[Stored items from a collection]
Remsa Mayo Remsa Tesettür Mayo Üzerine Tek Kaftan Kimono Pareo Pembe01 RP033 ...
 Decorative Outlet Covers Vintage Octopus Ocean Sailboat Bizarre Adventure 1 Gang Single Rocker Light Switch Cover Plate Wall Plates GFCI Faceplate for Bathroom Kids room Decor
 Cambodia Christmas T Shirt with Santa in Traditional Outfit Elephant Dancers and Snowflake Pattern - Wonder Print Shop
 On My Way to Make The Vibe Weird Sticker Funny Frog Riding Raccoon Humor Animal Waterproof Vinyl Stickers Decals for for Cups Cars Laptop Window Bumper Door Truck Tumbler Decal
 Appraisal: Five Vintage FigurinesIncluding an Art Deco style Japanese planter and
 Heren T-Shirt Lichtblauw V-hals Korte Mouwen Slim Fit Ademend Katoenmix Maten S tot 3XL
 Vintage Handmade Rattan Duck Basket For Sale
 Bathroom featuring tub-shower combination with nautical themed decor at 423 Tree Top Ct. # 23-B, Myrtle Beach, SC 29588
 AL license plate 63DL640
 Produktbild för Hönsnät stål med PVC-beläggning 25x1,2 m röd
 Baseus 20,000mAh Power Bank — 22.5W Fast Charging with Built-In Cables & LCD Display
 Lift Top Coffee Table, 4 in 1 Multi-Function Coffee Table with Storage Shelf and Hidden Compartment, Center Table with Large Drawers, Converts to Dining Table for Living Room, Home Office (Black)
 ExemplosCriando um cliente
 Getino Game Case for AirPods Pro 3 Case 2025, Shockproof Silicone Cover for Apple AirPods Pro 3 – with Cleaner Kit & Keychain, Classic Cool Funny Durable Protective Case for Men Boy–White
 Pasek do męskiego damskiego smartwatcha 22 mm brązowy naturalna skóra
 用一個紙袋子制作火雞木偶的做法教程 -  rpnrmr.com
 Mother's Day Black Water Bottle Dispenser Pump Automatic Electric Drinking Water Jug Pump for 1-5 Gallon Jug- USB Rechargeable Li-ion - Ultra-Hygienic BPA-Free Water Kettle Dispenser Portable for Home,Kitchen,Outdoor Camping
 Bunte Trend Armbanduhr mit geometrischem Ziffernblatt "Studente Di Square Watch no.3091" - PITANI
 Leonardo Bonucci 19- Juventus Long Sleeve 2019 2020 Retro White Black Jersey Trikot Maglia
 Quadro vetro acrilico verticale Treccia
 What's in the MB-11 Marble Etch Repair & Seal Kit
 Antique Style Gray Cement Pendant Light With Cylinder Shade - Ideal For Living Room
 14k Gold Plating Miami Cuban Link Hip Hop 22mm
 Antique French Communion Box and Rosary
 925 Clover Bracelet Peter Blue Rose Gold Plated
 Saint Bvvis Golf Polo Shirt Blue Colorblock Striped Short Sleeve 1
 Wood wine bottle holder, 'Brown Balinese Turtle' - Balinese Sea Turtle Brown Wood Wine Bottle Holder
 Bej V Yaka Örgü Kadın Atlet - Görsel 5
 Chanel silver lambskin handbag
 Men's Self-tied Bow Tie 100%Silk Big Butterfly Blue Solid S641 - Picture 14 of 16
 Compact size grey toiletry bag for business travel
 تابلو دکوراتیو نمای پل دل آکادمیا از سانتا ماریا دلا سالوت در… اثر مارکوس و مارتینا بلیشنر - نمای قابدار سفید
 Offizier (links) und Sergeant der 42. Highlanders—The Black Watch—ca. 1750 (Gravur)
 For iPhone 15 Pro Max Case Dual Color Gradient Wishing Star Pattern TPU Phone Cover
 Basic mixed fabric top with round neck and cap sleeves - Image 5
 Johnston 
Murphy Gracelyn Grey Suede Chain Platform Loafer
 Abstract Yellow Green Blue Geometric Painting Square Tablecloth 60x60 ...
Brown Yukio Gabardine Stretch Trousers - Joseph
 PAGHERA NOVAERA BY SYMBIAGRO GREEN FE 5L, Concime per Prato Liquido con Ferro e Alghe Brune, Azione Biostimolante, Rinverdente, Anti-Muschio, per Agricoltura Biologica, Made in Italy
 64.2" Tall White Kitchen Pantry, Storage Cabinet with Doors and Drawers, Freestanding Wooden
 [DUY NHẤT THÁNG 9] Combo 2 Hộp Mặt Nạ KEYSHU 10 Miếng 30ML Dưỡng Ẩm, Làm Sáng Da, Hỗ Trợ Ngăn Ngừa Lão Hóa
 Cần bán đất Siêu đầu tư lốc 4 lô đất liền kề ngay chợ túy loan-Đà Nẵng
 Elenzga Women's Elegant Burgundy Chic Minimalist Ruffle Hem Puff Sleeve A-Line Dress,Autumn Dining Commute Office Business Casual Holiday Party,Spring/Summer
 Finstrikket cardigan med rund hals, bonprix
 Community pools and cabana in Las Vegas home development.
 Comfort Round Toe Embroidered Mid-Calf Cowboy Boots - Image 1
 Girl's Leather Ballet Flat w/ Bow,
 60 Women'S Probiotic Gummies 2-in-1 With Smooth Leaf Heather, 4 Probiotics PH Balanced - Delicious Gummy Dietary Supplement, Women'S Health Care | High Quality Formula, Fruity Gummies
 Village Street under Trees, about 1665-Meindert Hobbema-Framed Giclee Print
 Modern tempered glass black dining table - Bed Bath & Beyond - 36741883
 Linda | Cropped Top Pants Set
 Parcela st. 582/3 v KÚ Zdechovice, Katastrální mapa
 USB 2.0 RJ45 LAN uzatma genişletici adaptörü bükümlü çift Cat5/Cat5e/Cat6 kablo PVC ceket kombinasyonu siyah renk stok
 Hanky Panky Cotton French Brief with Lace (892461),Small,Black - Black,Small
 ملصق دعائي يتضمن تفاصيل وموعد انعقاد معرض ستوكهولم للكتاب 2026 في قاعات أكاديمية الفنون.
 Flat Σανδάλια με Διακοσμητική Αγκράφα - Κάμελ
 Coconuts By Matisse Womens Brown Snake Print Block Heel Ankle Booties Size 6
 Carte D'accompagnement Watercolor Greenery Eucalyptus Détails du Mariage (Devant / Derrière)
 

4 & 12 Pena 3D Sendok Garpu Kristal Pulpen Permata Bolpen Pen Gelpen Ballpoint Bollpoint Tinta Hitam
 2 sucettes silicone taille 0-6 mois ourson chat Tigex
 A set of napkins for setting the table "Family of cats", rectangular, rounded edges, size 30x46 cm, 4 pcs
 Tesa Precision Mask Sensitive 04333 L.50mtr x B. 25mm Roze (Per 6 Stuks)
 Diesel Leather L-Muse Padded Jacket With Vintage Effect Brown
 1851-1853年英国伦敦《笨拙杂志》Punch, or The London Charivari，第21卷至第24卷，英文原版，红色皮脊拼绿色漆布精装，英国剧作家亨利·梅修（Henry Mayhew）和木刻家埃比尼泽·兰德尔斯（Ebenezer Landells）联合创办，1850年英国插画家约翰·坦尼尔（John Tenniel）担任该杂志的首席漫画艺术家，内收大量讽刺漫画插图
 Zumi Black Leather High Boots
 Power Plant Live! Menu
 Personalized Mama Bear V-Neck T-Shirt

Exercise.
Set down exactly the lines of the data above, beginning with the line that has "Village Street under" and ending with the line that has "Flat Σανδάλια με", and no others.

Answer section.
 Village Street under Trees, about 1665-Meindert Hobbema-Framed Giclee Print
 Modern tempered glass black dining table - Bed Bath & Beyond - 36741883
 Linda | Cropped Top Pants Set
 Parcela st. 582/3 v KÚ Zdechovice, Katastrální mapa
 USB 2.0 RJ45 LAN uzatma genişletici adaptörü bükümlü çift Cat5/Cat5e/Cat6 kablo PVC ceket kombinasyonu siyah renk stok
 Hanky Panky Cotton French Brief with Lace (892461),Small,Black - Black,Small
 ملصق دعائي يتضمن تفاصيل وموعد انعقاد معرض ستوكهولم للكتاب 2026 في قاعات أكاديمية الفنون.
 Flat Σανδάλια με Διακοσμητική Αγκράφα - Κάμελ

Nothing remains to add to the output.